Re: [RFC] Introducing different handling for small/large transactions

2015-01-18 Thread Michael Haggerty
On 01/15/2015 11:36 PM, Stefan Beller wrote:
 For everyday use we want git to be fast. Creating one commit should not
 touch the packed refs file. If we do other stuff involving more than
 one ref, we may accept touching the packed refs file and have a process
 which takes slightly longer but can handle more complex requests correctly,
 such as renaming into and from directories (topic/1 - topic and reverse).
 Renaming is currently not part of the transaction API because of the (D/F)
 problems. This proposed change would enable having renames being part of
 the transactions API.
 
 A transaction covers creating, deleting and updating a ref and its reflog.
 Renaming would be a deletion followed by creating a new ref atomically.

A rename is a little bit more than a generic delete+create pair; it also
moves the reflog from the old name to the new name. Is your plan to add
an extra rename operation to the refs-transactions API, or to
automatically detect delete+create pairs and treat them as renames?

 So for here is my proposal for small transactions:
 (just one ref [and/or reflog] touched):
 
 In ref_transaction_update:
   * create $REF.lock file
   * write new content to the lock file
 
 In ref_transaction_commit
   * commit the .lock file to its destination
   * in case this is a deletion:
   * remove the loose ref
   * and repack the packed refs file if necessary

The above describes the current algorithm, but FYI it is not entirely
correct. The deletion of the loose ref might expose an old version of
the reference in the packed-refs file (which might even point at an
object that has been garbage-collected. So the reference has to be
deleted from the packed-refs file before the loose ref version is deleted.

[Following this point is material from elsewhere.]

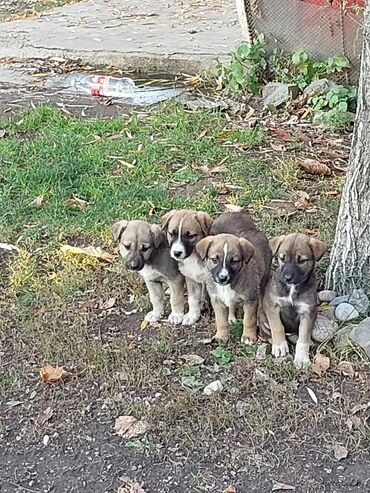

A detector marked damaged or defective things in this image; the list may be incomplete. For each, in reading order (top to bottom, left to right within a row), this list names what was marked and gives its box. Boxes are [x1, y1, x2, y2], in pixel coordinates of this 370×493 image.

cracked concrete [0, 0, 241, 74]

However, it is important that the packed-ref lock be held during the
whole procedure, so that a pack-refs process doesn't rewrite the loose
ref version of the reference into the (now-unlocked) packed-refs file,
causing the reference to survive its supposed deletion. (At least that
was the status a while ago; I don't know if recent changes to pack-refs
might have removed this problem in another way.)

But activating a new packed-refs file while still holding the
packed-refs lock is not supported by our current lockfile API. In fact,
working towards enabling this was one of the reasons for the big
lockfile refactoring that I did a while back. Though I never got as far
as fixing this bug.

 The larger transactions would be handled differently by relying
 on the packed refs file:
 In ref_transaction_update:
   * detect if we transition to a large transaction
 (by having more than one entry in transaction-updates)
 if so:
   * Pack all currently existing refs into the packed
 refs file, commit the packed refs file and delete
 all loose refs. This will avoid (d/f) conflicts.
 
   * Keep the packed-refs file locked and move the first
 transaction update into the packed-refs.lock file

NB: this requires not just one but two rewrites of the packed-refs file,
sharpening the performance concerns expressed elsewhere in this thread.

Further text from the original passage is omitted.